__WHAT NEEDS TO BE DONE__.
In your copy, leave out the pictures; write out all the data exactly.

Scraped caption text data:
========

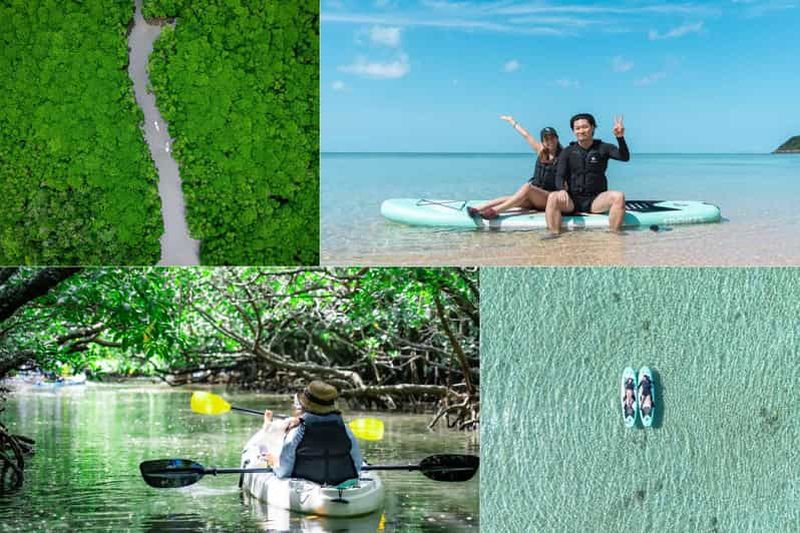 Ishigaki : excursion en SUP/kayak dans les mangroves et en mer avec photos et vidéos prises avec un appareil photo reflex et un drone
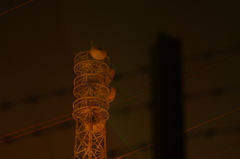 IMGP3888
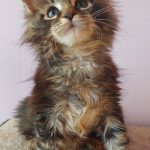 Elmer-male-maine-Coon-cat-puppy-for-sale-1 (3)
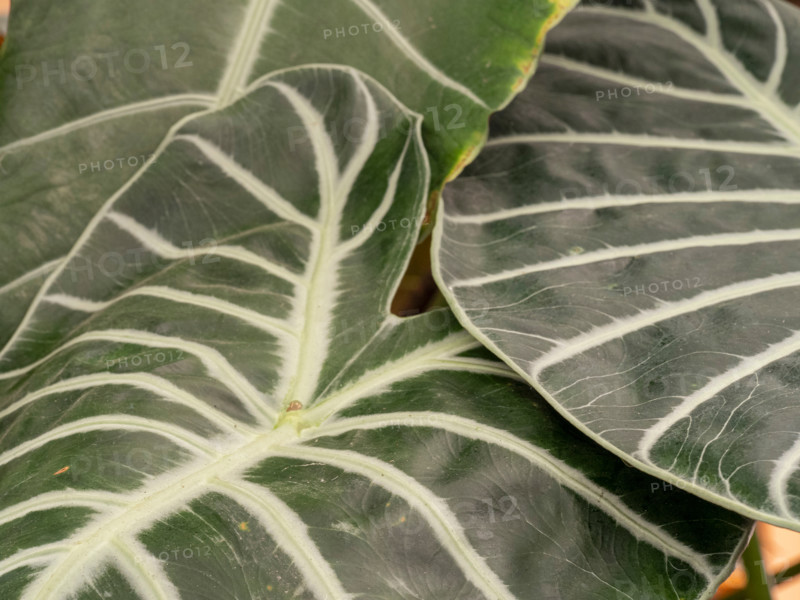 Close-up of green leaf with vanes. Port Douglas, Queensland, Australia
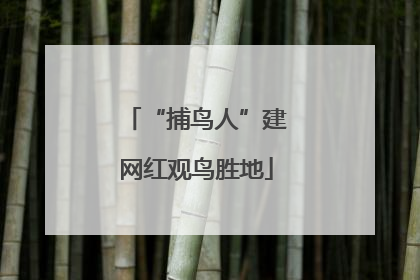 “捕鸟人”建网红观鸟胜地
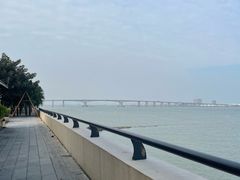 -大湾区中央湿地公园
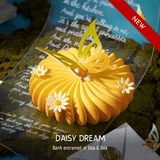 Daisy Dream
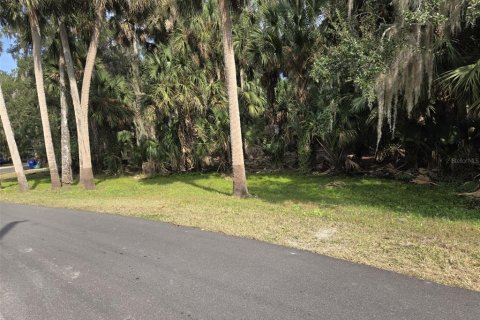 Terreno en Deltona, Florida № 2097108
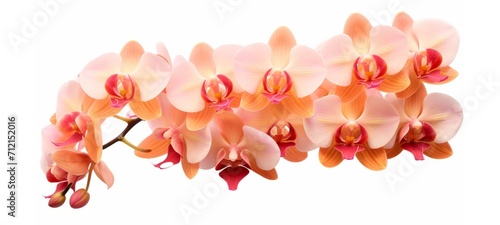 Beautiful branch of orchid flowers banner - Peach fuzz orchids petals orchidaceae, isolated on white background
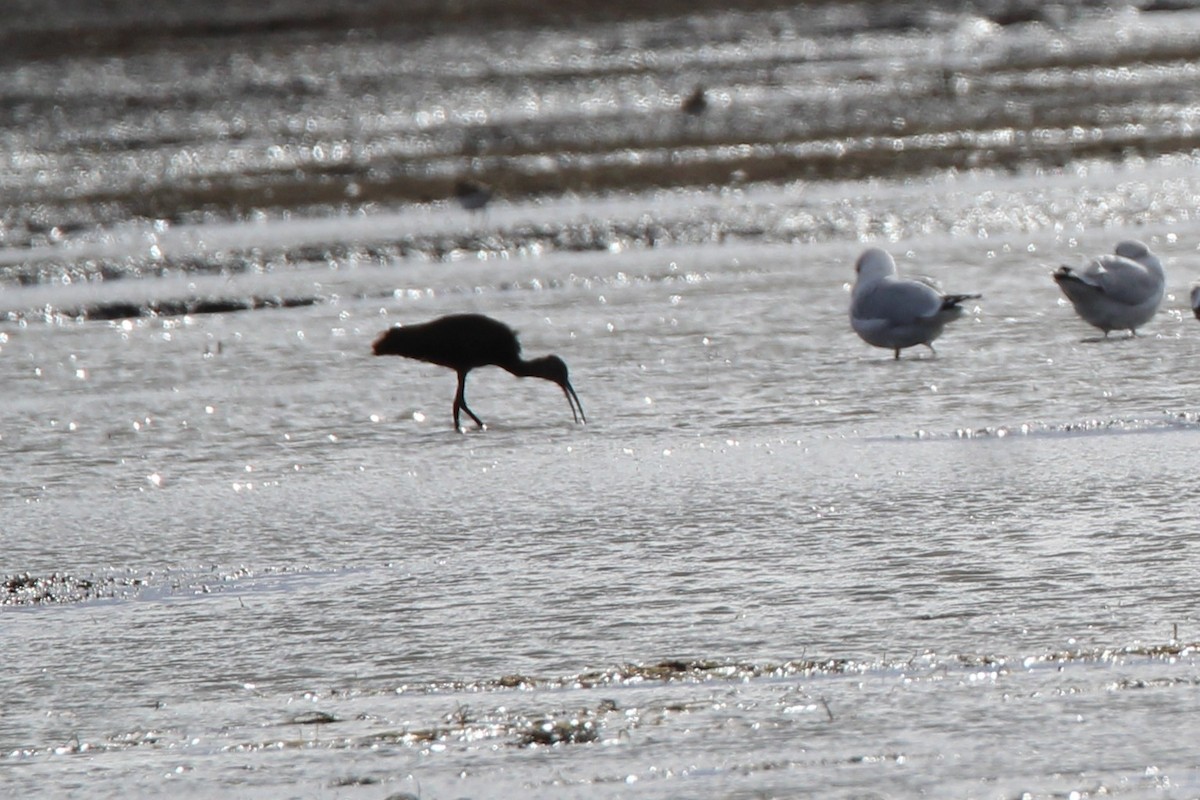 ibis americký - ML644480067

========

__RESPONSE__.
 Ishigaki : excursion en SUP/kayak dans les mangroves et en mer avec photos et vidéos prises avec un appareil photo reflex et un drone
 IMGP3888
 Elmer-male-maine-Coon-cat-puppy-for-sale-1 (3)
 Close-up of green leaf with vanes. Port Douglas, Queensland, Australia
 “捕鸟人”建网红观鸟胜地
 -大湾区中央湿地公园
 Daisy Dream
 Terreno en Deltona, Florida № 2097108
 Beautiful branch of orchid flowers banner - Peach fuzz orchids petals orchidaceae, isolated on white background
 ibis americký - ML644480067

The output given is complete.